* _What you are asked to do_: Could you copy exactly the lines from the one containing "JEXNOVASHOP-HeatsBox Go Boite" through the last line of the records below, leaving out any pictures?

* _Short text fragments from websites_:

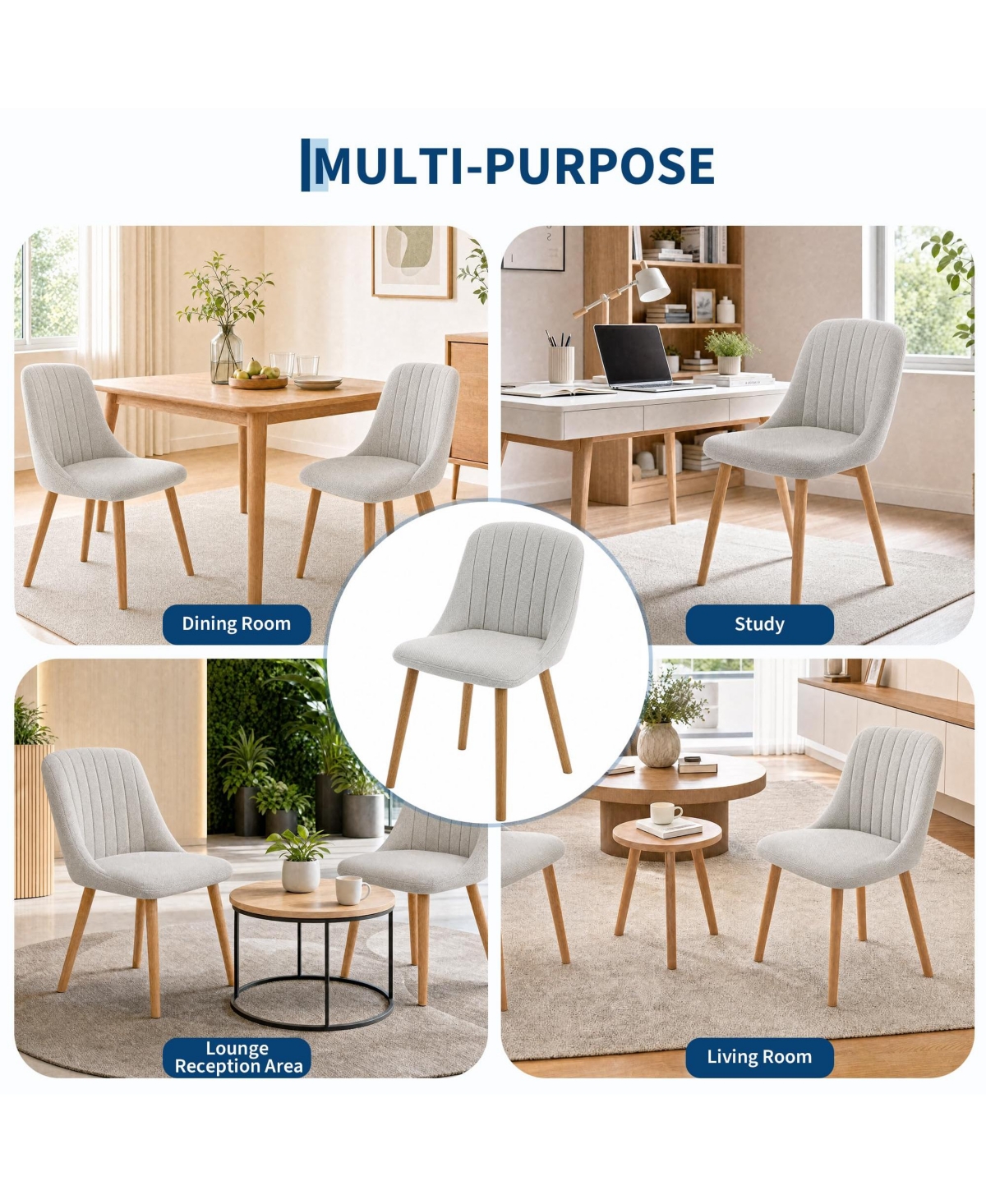 Set of 2 Upholstered Dining Chairs, Fabric Covered Seats with Ergonomic Curved Backrest, Wood Legs, Easy-Clean Surface, 300 lbs Load Capacity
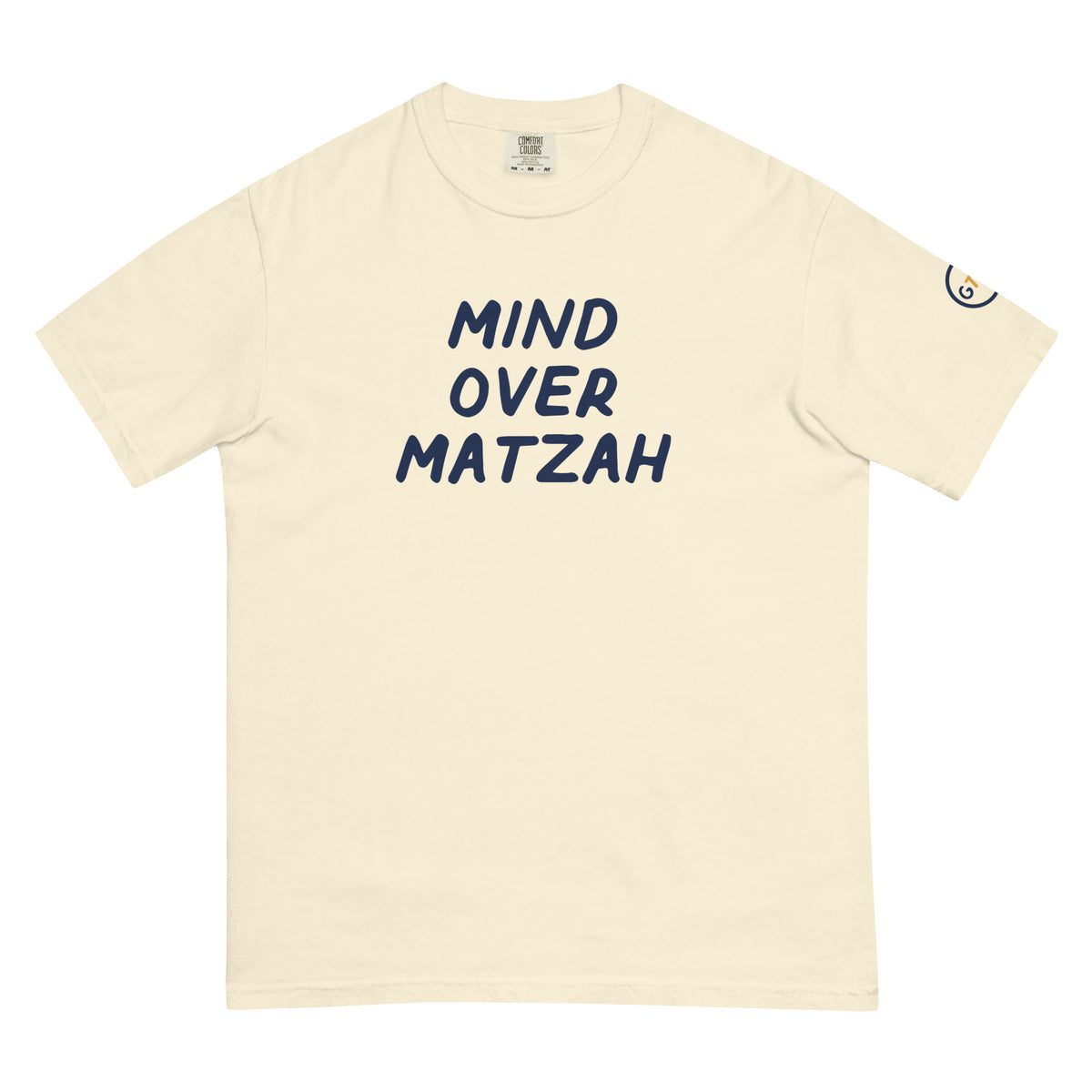 Good Thank God Mind Over Matzah T-shirt in Ivory, front view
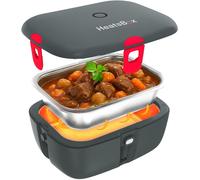 JEXNOVASHOP-HeatsBox Go Boite Chauffante Repas Électrique Mobile, Sans BPA, Contrôle par Application, Batterie Intégrée, Bol Anti-Fuite Gamelle Chauffante en Acier Inoxydable (925 ml), 100 W, Gris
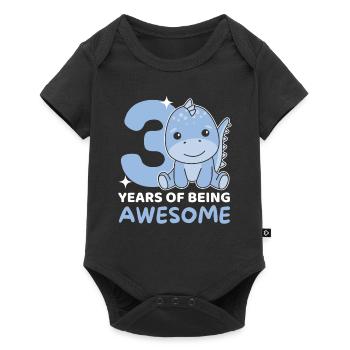 Dino pour les enfants de 3 ans - Body à manches courtes Premium Bébé - noir - Devant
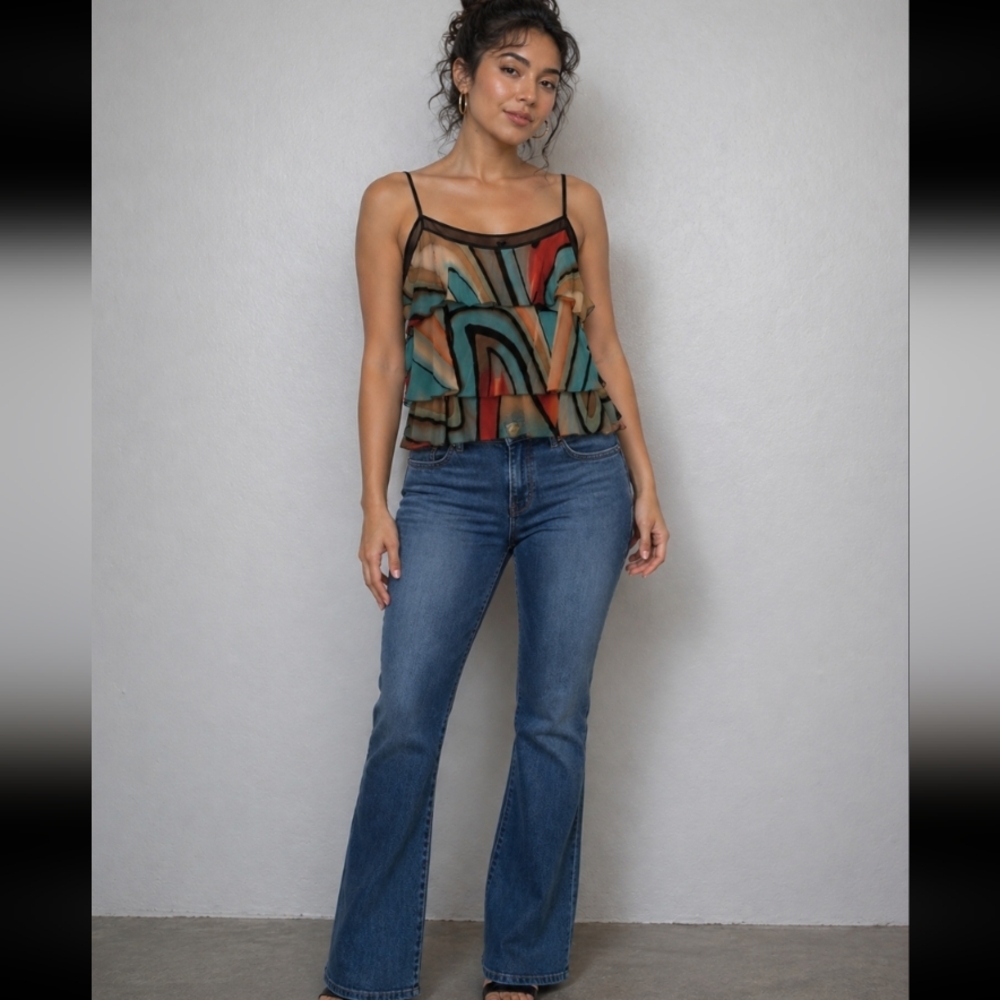 LAPIS Layered Embellished Spaghetti Strap Blouse S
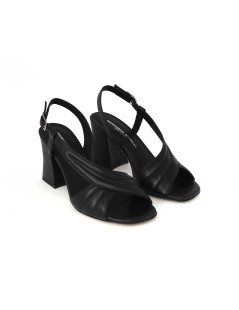 Gianmarco Sorelli Alba Sandalo Fascia Trasversale Nappa Nero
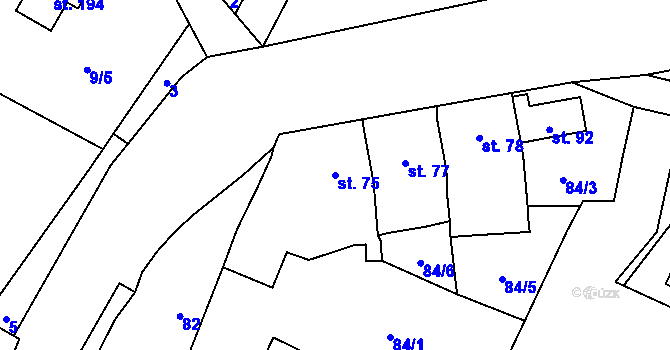 Parcela st. 75 v KÚ Trnovany u Litoměřic, Katastrální mapa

* _Output of the task_:
 JEXNOVASHOP-HeatsBox Go Boite Chauffante Repas Électrique Mobile, Sans BPA, Contrôle par Application, Batterie Intégrée, Bol Anti-Fuite Gamelle Chauffante en Acier Inoxydable (925 ml), 100 W, Gris
 Dino pour les enfants de 3 ans - Body à manches courtes Premium Bébé - noir - Devant
 LAPIS Layered Embellished Spaghetti Strap Blouse S
 Gianmarco Sorelli Alba Sandalo Fascia Trasversale Nappa Nero
 Parcela st. 75 v KÚ Trnovany u Litoměřic, Katastrální mapa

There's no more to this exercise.